Voltage Drop Prediction Model
Built an interpretable ML model predicting voltage drop before final test using upstream process data, achieving 25–30% error reduction with quantified uncertainty.
Overview
This project builds an interpretable pre-OCV2 prediction model for K-Value (voltage drop) using only upstream process data. The data is structured as one row per Cell ID sourced from an upstream SQL pull (~208 parameters), with filtering and redundancy analysis to reduce dimensionality and keep the model actionable.
Problem
K-Value is only known after later test steps (OCV2 process), but engineering teams need an earlier indicator to understand process drivers and flag risk.
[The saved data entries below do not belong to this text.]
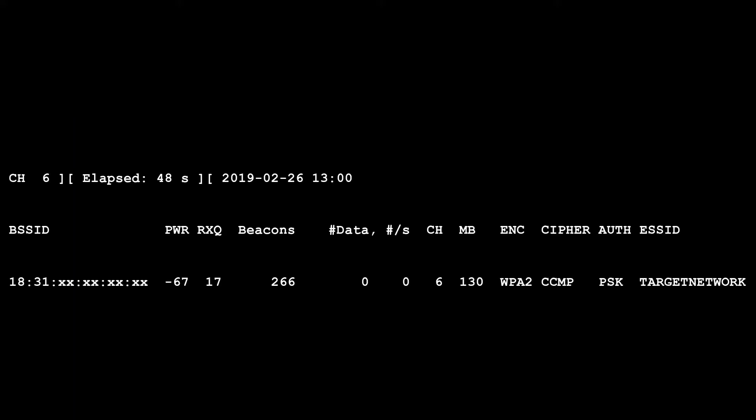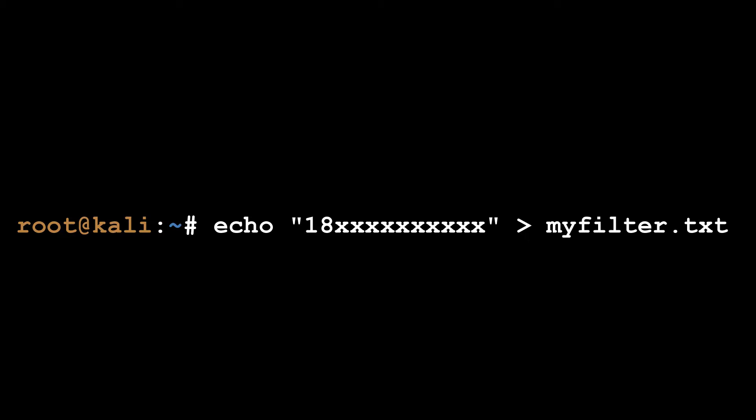I used AeroDump to grab the BSSID of my target network. Once I obtained the BSSID, I added it to a filter file. While more than one BSSID can exist in this file, I was only targeting this specific network.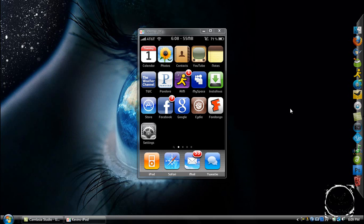Hey guys, today's video is going to be a quick one on how to get the percent symbol next to your battery — supposedly exclusive to the 3GS. Now this is an iPod touch, even though it says AT&T at the top, but that's just part of my theme. In order to get the percentage at the top, you're going to have to have SB Settings installed.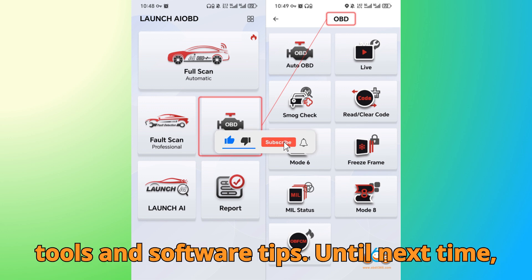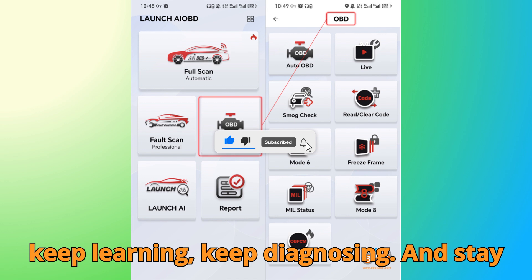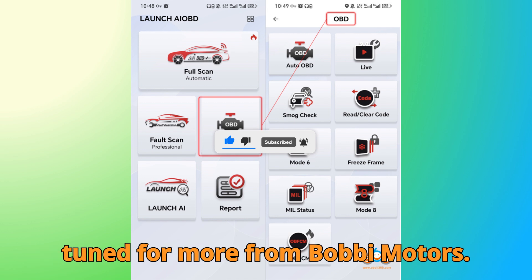Until next time, keep learning, keep diagnosing, and stay tuned for more from Bob G Motors.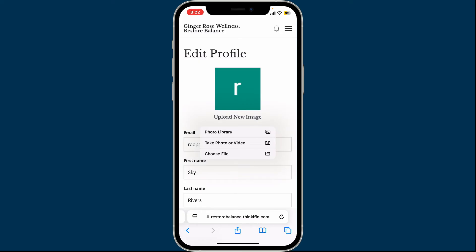If you want to choose an image from your file on your device, tap on Choose File and select the image.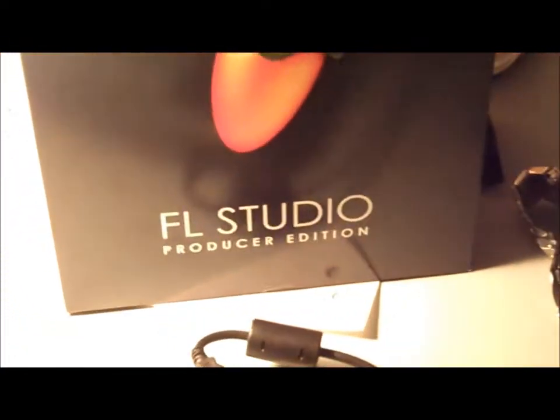Laptop, TV screen, and then the actual computer where we do all the beats and stuff. And as you can see on there right now, we have this. This is what we just got. FL Studio, the Producer Edition. This is 10.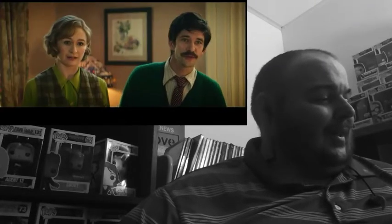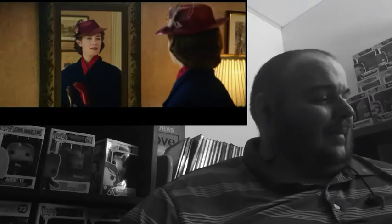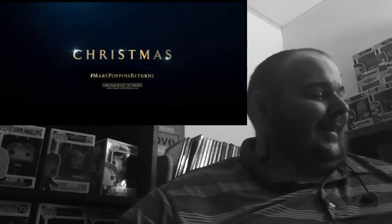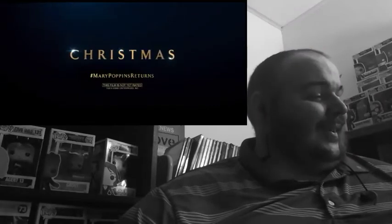Mary Poppins returns. Yes, it is wonderful to see you. Yes, it is, isn't it? Christmas.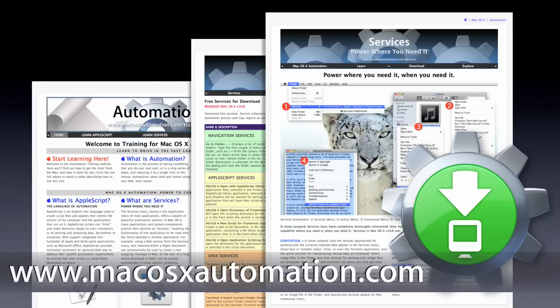To learn more about services, and to download all the examples demonstrated in this video, visit www.macos10automation.com.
With 200+ upstream parameters (many redundant), the challenge was to build a valid model that:
- avoids leakage by using only data available pre-OCV2
- remains interpretable; which parameters matter, direction…
Model Creation
Defined modeling boundaries and data rules:
- Prediction point: before OCV2
- Allowed inputs: any measurements collected before OCV2
- Target: K-Value (voltage drop)
- Simplifications: removed reworks; only looked back to the start of the Cell ID
Reduced features and redundancy before modeling:
- Hard-filtered to keep upstream / non-administrative parameters
- Ran PCA to estimate effective dimensionality (no sharp elbow; ~20 PCs explain ~60% of variance in X)
- Used PCA loadings and correlation clustering to identify groups of redundant parameters and guide selection/engineering
Modeled with a deployment-like validation scheme:
- Temporal split using OCV2 time (70% train / 15% validation / 15% test; oldest → newest)
- Metrics: RMSE (primary) and MAE (secondary)
Baselines and models evaluated:
- Mean predictor baseline
- Single-feature linear regression using the most correlated upstream parameter (SM_LASSC_PR001)
- Multivariate ridge regression (multiple alpha values)
Confidence/uncertainty:
- Computed residual standard deviation from the linear model to form practical prediction intervals.
Model Performance
Demonstrated a stable pre-OCV2 signal vs “do nothing”:
- Mean baseline (test): RMSE ~0.0011, MAE ~0.0008
- Best single-feature linear (test, SM_LASSC_PR001): RMSE ~0.0008, MAE ~0.0006
- ~25–30% error reduction from a single upstream parameter (15-day window)
Verified on a much larger time window / dataset: Data expanded from 151,271 → 341,665 rows Over ~3 months:
- Mean baseline (test): RMSE ~0.0010, MAE ~0.0008
- Best single-feature linear (test): RMSE ~0.0007, MAE ~0.0005
Ridge (multiple α): RMSE ~0.0007, MAE ~0.0005 (no meaningful gain beyond the dominant feature)
Prediction uncertainty (linear model):
- Residual std dev ≈ 0.000820
- Approx intervals:
- ~68% within ±0.00082
- ~95% within ±0.00164
Future Improvement
There are multiple improvements that can be made to the model, including:
- Getting more upstream features
- Get time duration in previous processes
- Check whether the model works differently when this key input (SM_LASSC_PR001) is low versus high
- Ensure the model can take messy data and return same quality
Gallery
Linear relationship between K_Value (target) and the dominant upstream predictor (SM_LASSC_PR001).
Residual distribution for the linear model (used to estimate prediction uncertainty).
Linear model overlay on test data showing generalization on the most recent period.
Code Repository
Due to proprietary production data, source code is not publicly available.